I hate to be the one to break the news to everyone, but there’s never going to be another Brock Lesnar.
Lesnar was, to put it mildly, a freak. Getting to the top of the WWE is nearly impossible, and the same goes for becoming a UFC champion. Completing both of those goals within a 10-year period the way that Lesnar did is honestly one of the more remarkable sports achievements in the last decade. Lesnar was the perfect athlete to accomplish such a thing, and he came around at exactly the right time for both companies. Expecting someone to match those achievements is ridiculous and completely unfair to the fighter in question. But from here on out, any professional wrestler that decides to test their luck inside the Octagon is going to be showered immediately with comparisons to Lesnar. If the rumor mill is to be trusted, it looks like the next man to receive that treatment could be former WWE champion (and Lesnar’s fellow Paul Heyman guy) CM Punk.
Phil Brooks, more commonly known as CM Punk, left the WWE this past January due to a number of conflicts with the company. The longer he’s remained outside of the squared circle, the more the chatter surrounding Punk and a potential MMA career continues to grow louder. Now, following a controversial interview Punk recently did for The Art of Wrestling podcast over Thanksgiving that made it clear that the controversial superstar wants nothing to do with his former employers at the moment, the chatter has increased significantly. The UFC and Bellator are suddenly being listed as potential landing spots for the former WWE champion.

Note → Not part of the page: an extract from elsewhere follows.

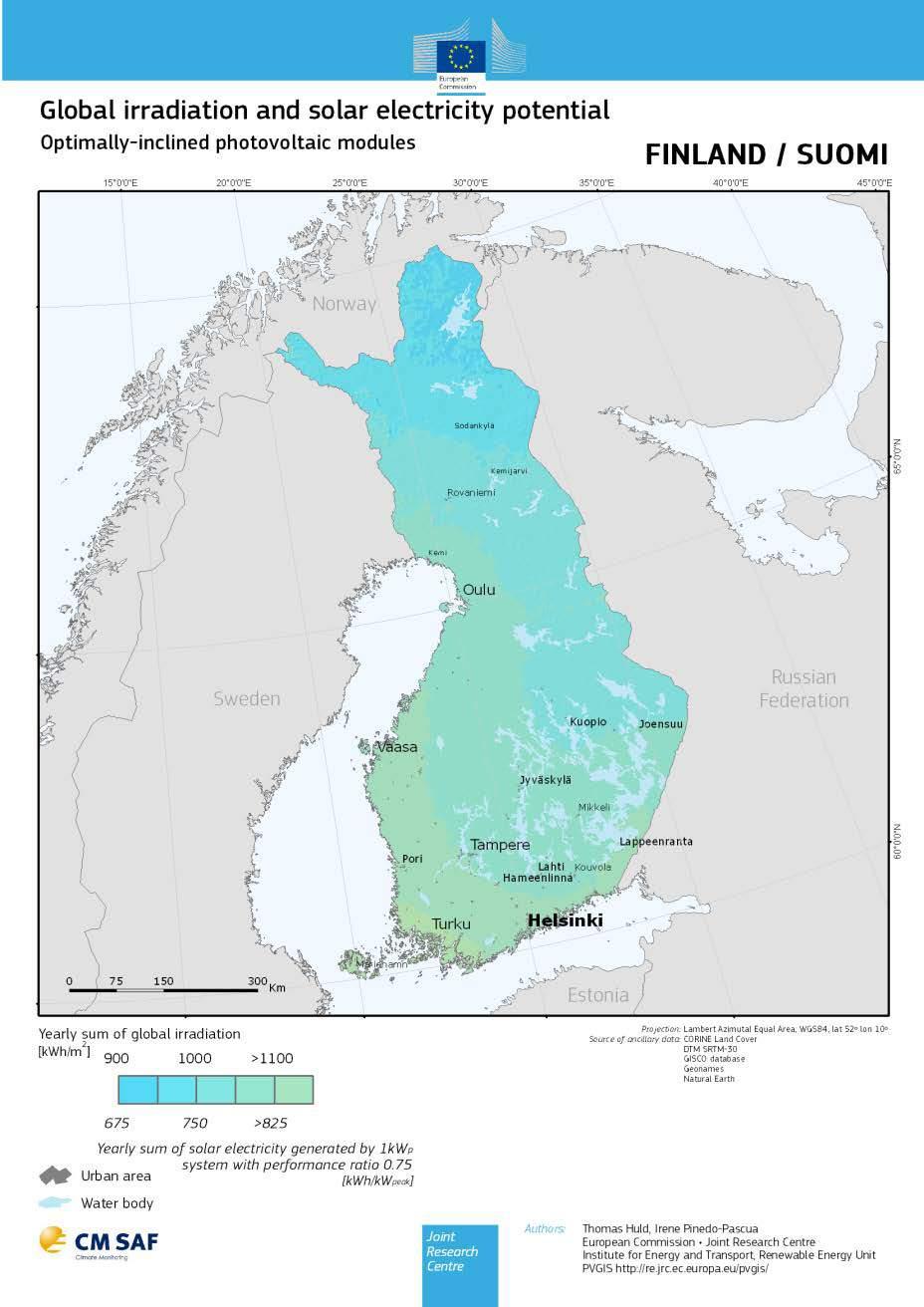 Aurinkosähköjärjestelmien sähköenergian tuotantopotentiaali Suomessa Tavallisesti yhden kilowatin tehoisella järjestelmällä voidaan tuottaa sähköä Etelä-Suomessa arviolta 800-1 000 kwh ja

The idea of Punk inside the cage isn’t as ridiculous as one might think. The “Straight Edge Superstar” has been training in Brazilian Jiu-Jitsu for years, most recently under world-renowned trainer Rener Gracie. He has also trained in Muay Thai for some time. Even his in-ring style while working in the WWE was more MMA-based than the styles of any of his counterparts, with an arsenal that included a number of submissions on the ground and techniques like head kicks and flying knees on the feet. While there’s no comparison between fighting in a cage and choreographed entertainment in a wrestling ring, the fact that he’s familiar enough with these techniques that he was willing to do some variation of them in front of millions of people on television every week is encouraging, at the least to fans hoping to see him inside the cage.
Of course, for every wrestling fan that would love to see Punk inside the cage, there are an equal amount of MMA purists that don’t even like to see Punk cageside, let alone actually inside the cage. Unlike Lesnar, who carried legitimate NCAA wrestling credentials with him when he entered the Octagon, Punk has committed his entire life to pro wrestling since high school and really has no athletic background to speak of outside of his time in the pro-wrestling world. Gracie can talk up Punk’s skills on the mat all he wants, but fight fans will remain skeptical unless they are given proof that the Chicago native can actually hold his own on the mat against a legitimate pro fighter.
To make things even more difficult for Punk, Lesnar became a star in a heavyweight division where his massive size and wrestling skills made him one of the scariest fighters in the history of the weight class. Punk would likely end up competing at 185 pounds—the deeper middleweight division—without any of the advantages Lesnar was afforded when he entered the UFC.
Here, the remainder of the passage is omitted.